Ostromecki should be put back on board
NN editor offers his take on the ANA flap over governor’s ouster.
This is how I see it. The American Numismatic Association board of governors has a choice. Either its members reinstate Walter Ostromecki to his seat on the board or they vote to remove Vice President Barry Stuppler from his seat.
If they refuse, they set themselves up to be described as a group who will bend their bylaws and codes of ethics to minimize penalties applied to members of a favored clique while inflicting maximum penalties on someone outside it. Why did they handle the two cases so differently?
Every American knows that laws not enforced uniformly are not justice. Do members of the ANA board know that?
What was Ostromecki’s offense? He received an e-mail from Cliff Mishler, who headed up ANA’s fund-raising drive for the museum. He responded to it. That is a courtesy the other eight board members did not extend to Mishler.
What was in the letter? I urge you to read the full text on Page 28. As far as I can see, the only thing in that letter that Cliff did not already know in his capacity as fund-raiser was the line that reads, “I have voiced my concerns during a Board conference call as so.” There you have it. That is the only bit in the entire letter that Cliff did not already know.
So is the ANA board correct that Ostromecki breached confidentiality?
Apparently the very act of writing a letter is considered a breach. He writes Mishler that he voiced his concerns on an ANA conference call. He told an outsider the topic of the discussion. The walls of ANA headquarters must have trembled at that revelation.
So, like Herman Melville’s Billy Budd, he was taken out and figuratively hanged by the seven board members present in Colorado Springs Oct. 14.
Now consider the Stuppler case. As I wrote in the April 8, 2003, issue of Numismatic News, he was accused in a complaint filed with the ANA board by Diane Hager, owner of ASA Accugrade, of violating “the ANA Dealer Code of Ethics and the Board Member Code of Ethics with two e-mails, one he sent to one of her clients identified as Anthony Royale, in a ‘blatant misuse of power’ and violation of the laws of Florida (ASA Accugrade’s home state) and California and in violation of eBay rules. The other was posted online. ...
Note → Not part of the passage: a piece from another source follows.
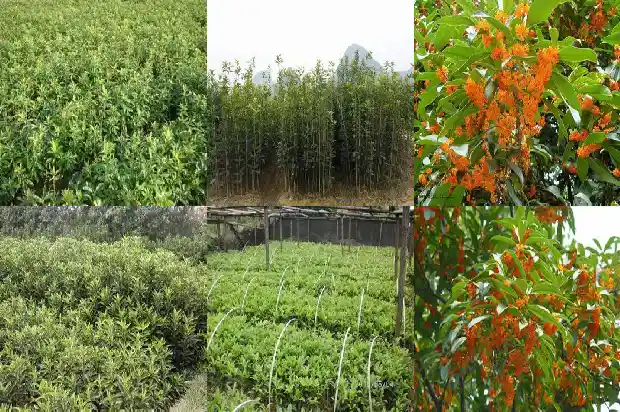冬季移栽桂花树能成活吗1690245477024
“She accused him of illegally interfering with a transaction and referring Royale to a Web site whose sole purpose was to ask visitors to boycott ASA Accugrade. He identified himself in the e-mails as being a member of the ANA board of governors.”
Though the board felt that Stuppler acted for the right reasons, on the specific charge of the complaint it sided with Hager. On March 22, 2003, after a public hearing March 20 at the Charlotte, N.C., convention, the ANA board issued its decision to “admonish” Stuppler. In their written decision, they said, “The Board concludes that Mr. Stuppler’s e-mail to Mr. Royale violated the Board Member Code of Ethics.”
Stuppler was admonished. Ostromecki was removed. Is this an even-handed application of penalties? The board issued an admonishment in a situation where the complainant alleged that an act of a board member was illegal. They expelled a board member for violating the board’s secrecy policy with not even an allegation of illegality or harm.
We must presume that the board feels that Ostromecki’s letter was not written for the right reasons and Stuppler’s e-mails were. Otherwise, what is the difference?
This appears to be uneven enforcement of essentially the same set of rules. Yet, the ANA board may have a perfectly logical explanation for why it removed Ostromecki and not Stuppler. I think the board owes the ANA membership a full and complete explanation. I think they need to reverse one of the two decisions I write about in this column. If the ANA board does not, what can we conclude? If you are not acting for what the ANA board considers the right reason, no matter that the regular members elected you to serve on the board of governors, you will be removed, the election results be damned.